Un giardinetto di periferia, foglie d’autunno, una giostrina macilenta e una panchina. È una storia di vita e di relazioni, di crescita, con una bella scena in cui un personaggio cammina mentre gli oggetti che gli altri gli appioppano segnano il passare delle età, dal ciuccio fino ai soldi e al rifiuto di una condizione non voluta, poi finalmente libero in volo. Tessuti, cerchi, pertiche, intrecci di corpi. I movimenti  seguono l’andamento dell’animo dei protagonisti, o forse il contrario, nostalgia, tristezza, rabbia, affetto, rifiuto, passione s’incarnano nei loro corpi flessibili, il cerchio vortica impetuosamente, ed è uno sconvolgimento, e poi la quiete. C’è una seconda parte completamente diversa e staccata, che pare uno spettacolo a sé stante e che non era forse necessaria, ma è talmente accattivante – Drive-in anni 50, colori vivaci, spensieratezza – che alla fine pensi che sarebbe stato un peccato non vederla.

Bloom

Ecco questo per me, per quel pochissimo che ho intercettato in quei giorni, è il migliore esempio di circo-teatro, o nouveau cirque, che dir si voglia.
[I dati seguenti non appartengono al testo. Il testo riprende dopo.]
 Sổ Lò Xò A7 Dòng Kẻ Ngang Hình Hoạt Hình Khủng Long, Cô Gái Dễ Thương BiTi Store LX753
Perché rispetto ad altro visto e intravisto, dietro a Bloom c’è un pensiero, una costruzione, energia, fatica (banalmente, una regia) oltre alla grande capacità tecnica, ma anche espressiva, dei performer. Perché, non me ne vogliano i numerosi bravissimi acrobati, sul tessuto ormai ci siamo saliti in tanti, vuoi perché va di moda ed è intrigante, vuoi perché dà soddisfazione dal momento che, sembra incredibile, qualcosa rimedi pure se hai una preparazione atletica tendente allo zero come nel mio caso: io poco e male, un tentativo, ma altri molto e bene, con allenamento e un minimo di grazia, e allora probabilmente è una reazione sbagliata, ma vedere a ripetizione le stesse cose che vedi in una palestra non basta. È ginnastica.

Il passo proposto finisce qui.